Das duas uma, ou Sócrates é inocente e o PS o apoia incondicionalmente até à decisão final da Justiça, como sempre fez enquanto o “menino de ouro” venceu eleições; ou Sócrates é culpado e o PS tem de fazer um mea culpa e assumir responsabilidades.

O que não é aceitável é este limbo, este silêncio, este não querer atravessar-se por alguém que o partido apresentou aos portugueses como sendo o homem providencial que iria salvar o país. Nem tão pouco admitir que se possa ter errado nesse endosso.

Estar do lado de um amigo acusado pela Justiça, mesmo que no fim seja condenado, pode ser compreensível; já a covardia nunca o é. Mário Soares, que nunca foi covarde, jamais teve problemas em defender os amigos acusados pela Justiça, enquanto acreditasse na sua inocência. Podíamos discordar de Soares e das suas amizades, mas havia nobreza e coerência nessa forma de estar na vida. Se acreditamos que os nossos amigos são inocentes, apoiamo-los até ao fim. Se não acreditamos que são inocentes, não os apoiamos. Já o PS, por instinto de sobrevivência, optou simplesmente por fazer de conta que Sócrates não existe.
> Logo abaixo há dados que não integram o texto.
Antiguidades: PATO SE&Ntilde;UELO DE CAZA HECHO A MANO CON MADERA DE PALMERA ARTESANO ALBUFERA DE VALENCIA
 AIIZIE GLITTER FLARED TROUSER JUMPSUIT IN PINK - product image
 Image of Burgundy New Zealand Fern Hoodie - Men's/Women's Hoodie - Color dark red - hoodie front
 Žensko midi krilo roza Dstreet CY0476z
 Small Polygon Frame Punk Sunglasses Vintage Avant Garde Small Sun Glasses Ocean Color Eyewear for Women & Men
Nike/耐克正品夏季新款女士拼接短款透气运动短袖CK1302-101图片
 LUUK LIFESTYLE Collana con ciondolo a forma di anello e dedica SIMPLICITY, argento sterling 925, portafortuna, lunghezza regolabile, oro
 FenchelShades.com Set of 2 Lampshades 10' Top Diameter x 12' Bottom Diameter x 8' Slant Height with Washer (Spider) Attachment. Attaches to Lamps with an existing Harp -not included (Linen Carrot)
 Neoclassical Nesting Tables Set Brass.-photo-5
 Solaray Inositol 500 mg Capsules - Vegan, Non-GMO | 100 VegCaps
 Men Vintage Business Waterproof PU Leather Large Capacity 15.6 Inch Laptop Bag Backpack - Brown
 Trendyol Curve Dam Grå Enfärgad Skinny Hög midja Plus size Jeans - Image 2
Em segundo lugar, na Operação Marquês não estão em causa apenas questões criminais. Há também questões éticas de relevo. Vamos supor que o Ministério Público está errado e que Carlos Santos Silva se limitou a emprestar dinheiro a um amigo em necessidade. Já sem falar dos valores em causa – 500 mil euros? – o PS acha aceitável que um primeiro-ministro passe férias de luxo pagas por um amigo empresário que, por acaso, tem negócios milionários com entidades públicas? Mesmo que não tenha existido crime, não deixa de ser uma situação questionável do ponto de vista ético.

É admissível que o partido da ética republicana, que se considera o guardião do templo da III República, não se pronuncie sobre o elefante no meio da sala?